From an applied perspective, Mokken scaling is very similar to the Rasch model. Both approaches make similar assumptions about local item independence, and neither technique is robust to violations of double monotonicity (i.e., every person generates an equivalent ordering of item difficulties) or monotone homogeneity (i.e., every item generates an equivalent ordering of ability scores for students; Meijer, Sijtsma, & Smid, 1990). The most distinguishing feature between Rasch and Mokken scaling pertains to the ordering of items. While Rasch models have strong assumptions about item ordering on a ratio basis, Mokken scaling is strictly ordinal. Under circumstances where one is interested in banking items or equating scores across different populations, more conventional item analyses such as the Rasch model are more appropriate. However, when a question of interest concerns hierarchies among items within a scale, Mokken scaling has been recommended as a desired procedure for item analysis. Moreover, research has shown that because of the strict model assumptions of the Rasch model, it is often applied when the number of items is large, and the fewer the number of items that exist within a scale, the worse the fit of the data to the Rasch model. As such, the Mokken scale fits these instances well and performs as a hybrid between the Guttman and Rasch models.
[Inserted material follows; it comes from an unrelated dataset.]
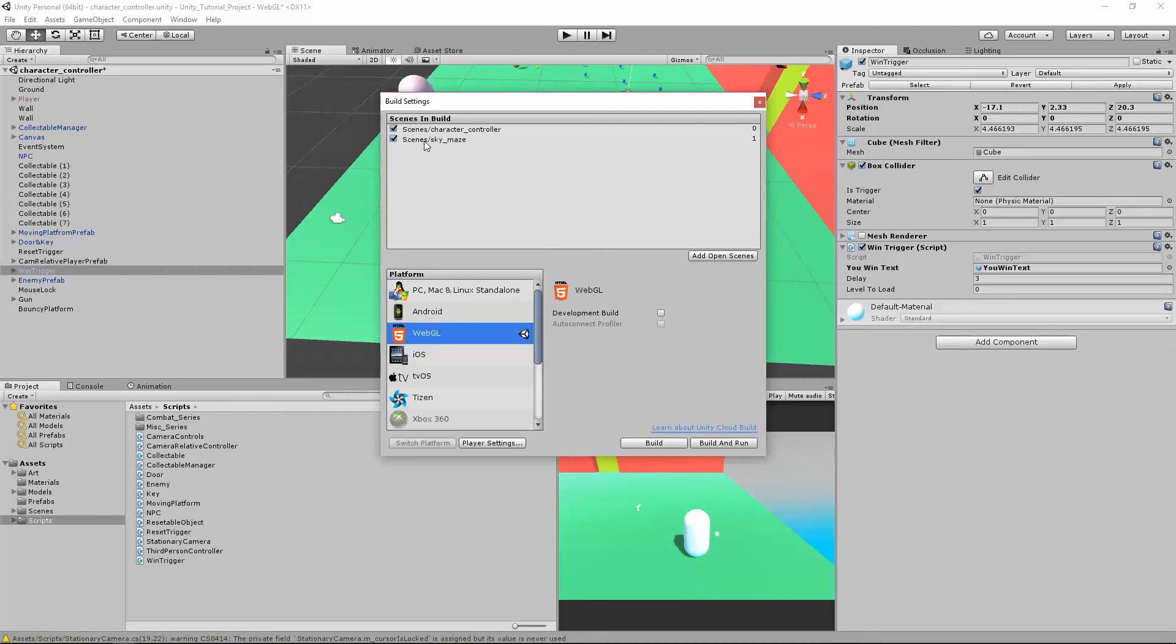But I want to load Sky Maze, my next level, after I beat this level. So I'm going to change that zero to one. So now it's going to load, you can see the scene index here is number one. So that's going to load the Sky Maze.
Hierarchies are a useful convention to studying the relation among items on a given scale, and are especially popular in medical and psychological applications (Kempen, Myers, & Powell, 1995; Watson, Deary, & Austin, 2007; van Boxel, Roest, Bergen, & Stam, 1995), where individuals’ scores on an assessment can be directly related to their ability on the latent construct of interest. Similar to Rasch models, Mokken scales have the advantage that the sum of items scores in a Mokken scale is a measure for the order of the latent trait being identified (Moorer, Suurmeijer, Foets, & Molenaar, 2001).

By using a combination of Mokken scaling and screening accuracy analyses, we aimed to study the following:

  1. Does a hierarchy of difficulty exist for the FAIR letter knowledge task?
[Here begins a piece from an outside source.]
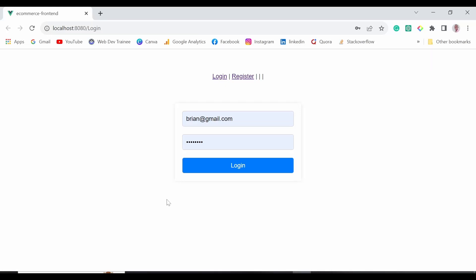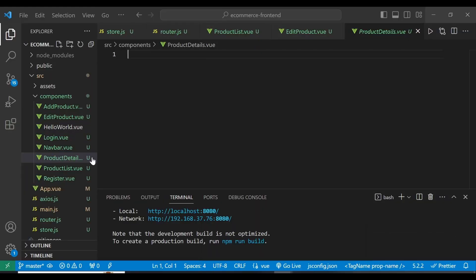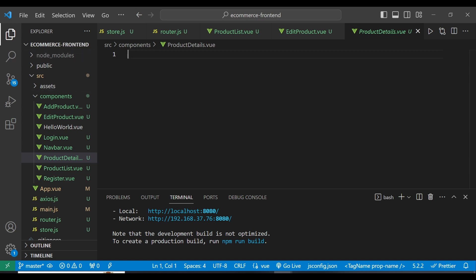Hello guys, in this video we are going to look at product details view. From our ongoing Laravel 10 e-commerce series, we have been able to design different components such as login, logout, product list, edit product, add product, navbar, register view, and other JS files within our Vue application with Laravel 10 using REST API. If you are new to this, I've been doing this as a series, so you may want to check my YouTube channel to follow along from the beginning.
  2. What is the screening accuracy of the letter knowledge task using the Mokken scale, for cut points of 5, 10, 15, and 20 letters compared to all 26 letters?

Given prior research about differential ease of letters (Kim, Petscher, Foorman, & Zhou, 2010; McBride-Chang, 1999; Treiman & Kessler, 2003), we expected that a hierarchy of difficulty would exist. However, we did not have a specific hypothesis regarding screening accuracy because of lack of prior research.

METHOD

Participants

Data were collected on 613 kindergarten students who were randomly selected from nine elementary schools across four major school districts in urban, semi-urban, and rural counties, which were representative of the demographics for the state of Florida. More than one third of students (36%) were White, followed by Black (27%) and Latino (17%); 52% of all participants were male; 57% were eligible for free or reduced-price lunch; and 38% were identified as English language learners.

Measures and Procedures

Students were assessed in the fall of 2009 on the Florida Assessments for Instruction in Reading (FAIR; Foorman, Torgesen, Crawford, & Petscher, 2009) letter-names and letter-sounds task in one of three randomized orders of the 26 letters. Testers asked the child for the name of the letter and then the sound. Both uppercase and lowercase letters were presented simultaneously. In the analysis, data on letter-name identification, not sound, were used. The maximum score was 26.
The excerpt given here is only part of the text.